### RECORD SET ###

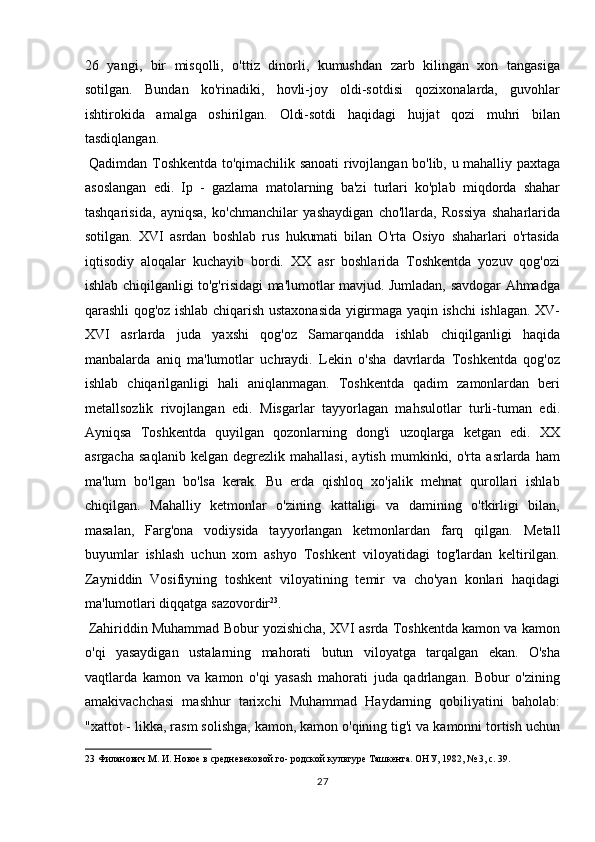 26   yangi,   bir   misqolli,   o'ttiz   dinorli,   kumushdan   zarb   kilingan   xon   tangasiga
sotilgan.   Bundan   ko'rinadiki,   hovli-joy   oldi-sotdisi   qozixonalarda,   guvohlar
ishtirokida   amalga   oshirilgan.   Oldi-sotdi   haqidagi   hujjat   qozi   muhri   bilan
tasdiqlangan.         
  Qadimdan Toshkentda to'qimachilik sanoati  rivojlangan bo'lib, u mahalliy paxtaga
asoslangan   edi.   Ip   -   gazlama   matolarning   ba'zi   turlari   ko'plab   miqdorda   shahar
tashqarisida,   ayniqsa,   ko'chmanchilar   yashaydigan   cho'llarda,   Rossiya   shaharlarida
sotilgan.   XVI   asrdan   boshlab   rus   hukumati   bilan   O'rta   Osiyo   shaharlari   o'rtasida
iqtisodiy   aloqalar   kuchayib   bordi.   XX   asr   boshlarida   Toshkentda   yozuv   qog'ozi
ishlab chiqilganligi to'g'risidagi ma'lumotlar mavjud. Jumladan, savdogar Ahmadga
qarashli qog'oz ishlab chiqarish ustaxonasida yigirmaga yaqin ishchi ishlagan. XV-
XVI   asrlarda   juda   yaxshi   qog'oz   Samarqandda   ishlab   chiqilganligi   haqida
manbalarda   aniq   ma'lumotlar   uchraydi.   Lekin   o'sha   davrlarda   Toshkentda   qog'oz
ishlab   chiqarilganligi   hali   aniqlanmagan.   Toshkentda   qadim   zamonlardan   beri
metallsozlik   rivojlangan   edi.   Misgarlar   tayyorlagan   mahsulotlar   turli-tuman   edi.
Ayniqsa   Toshkentda   quyilgan   qozonlarning   dong'i   uzoqlarga   ketgan   edi.   XX
asrgacha   saqlanib   kelgan   degrezlik   mahallasi,   aytish   mumkinki,   o'rta   asrlarda   ham
ma'lum   bo'lgan   bo'lsa   kerak.   Bu   erda   qishloq   xo'jalik   mehnat   qurollari   ishlab
chiqilgan.   Mahalliy   ketmonlar   o'zining   kattaligi   va   damining   o'tkirligi   bilan,
masalan,   Farg'ona   vodiysida   tayyorlangan   ketmonlardan   farq   qilgan.   Metall
buyumlar   ishlash   uchun   xom   ashyo   Toshkent   viloyatidagi   tog'lardan   keltirilgan.
Zayniddin   Vosifiyning   toshkent   viloyatining   temir   va   cho'yan   konlari   haqidagi
ma'lumotlari diqqatga sazovordir 23
.      
 Zahiriddin Muhammad Bobur yozishicha, XVI asrda Toshkentda kamon va kamon
o'qi   yasaydigan   ustalarning   mahorati   butun   viloyatga   tarqalgan   ekan.   O'sha
vaqtlarda   kamon   va   kamon   o'qi   yasash   mahorati   juda   qadrlangan.   Bobur   o'zining
amakivachchasi   mashhur   tarixchi   Muhammad   Haydarning   qobiliyatini   baholab:
"xattot - likka, rasm solishga, kamon, kamon o'qining tig'i va kamonni tortish uchun
23  Филанович М. И. Новое в средневековой го- родской культуре Ташкента. ОНУ, 1982, № 3, с. 39. 
27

###

The answer must be a single number: the count of lines above that contain the word "sotilgan".

*SOLUTION FOR THIS PROBLEM:*
2